• _Your objective_
From the entries below, copy exactly the lines from the one that contains "Armoire de salle" through the one that contains "伊豆の国市三福にあるアパート2LDKの間取り図", both included, and only those.

• _Entries supplied_

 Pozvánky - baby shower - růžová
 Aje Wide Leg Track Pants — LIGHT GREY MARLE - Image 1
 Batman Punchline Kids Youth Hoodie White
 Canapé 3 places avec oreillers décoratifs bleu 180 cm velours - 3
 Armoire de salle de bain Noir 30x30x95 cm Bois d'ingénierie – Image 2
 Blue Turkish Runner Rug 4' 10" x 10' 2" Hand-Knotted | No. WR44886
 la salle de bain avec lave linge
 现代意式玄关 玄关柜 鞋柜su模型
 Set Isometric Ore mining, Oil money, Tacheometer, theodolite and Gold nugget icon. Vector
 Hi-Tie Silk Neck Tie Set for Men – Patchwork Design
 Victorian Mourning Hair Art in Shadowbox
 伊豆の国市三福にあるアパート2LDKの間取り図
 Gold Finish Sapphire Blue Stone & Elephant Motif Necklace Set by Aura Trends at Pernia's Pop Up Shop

• _Task answer_
 Armoire de salle de bain Noir 30x30x95 cm Bois d'ingénierie – Image 2
 Blue Turkish Runner Rug 4' 10" x 10' 2" Hand-Knotted | No. WR44886
 la salle de bain avec lave linge
 现代意式玄关 玄关柜 鞋柜su模型
 Set Isometric Ore mining, Oil money, Tacheometer, theodolite and Gold nugget icon. Vector
 Hi-Tie Silk Neck Tie Set for Men – Patchwork Design
 Victorian Mourning Hair Art in Shadowbox
 伊豆の国市三福にあるアパート2LDKの間取り図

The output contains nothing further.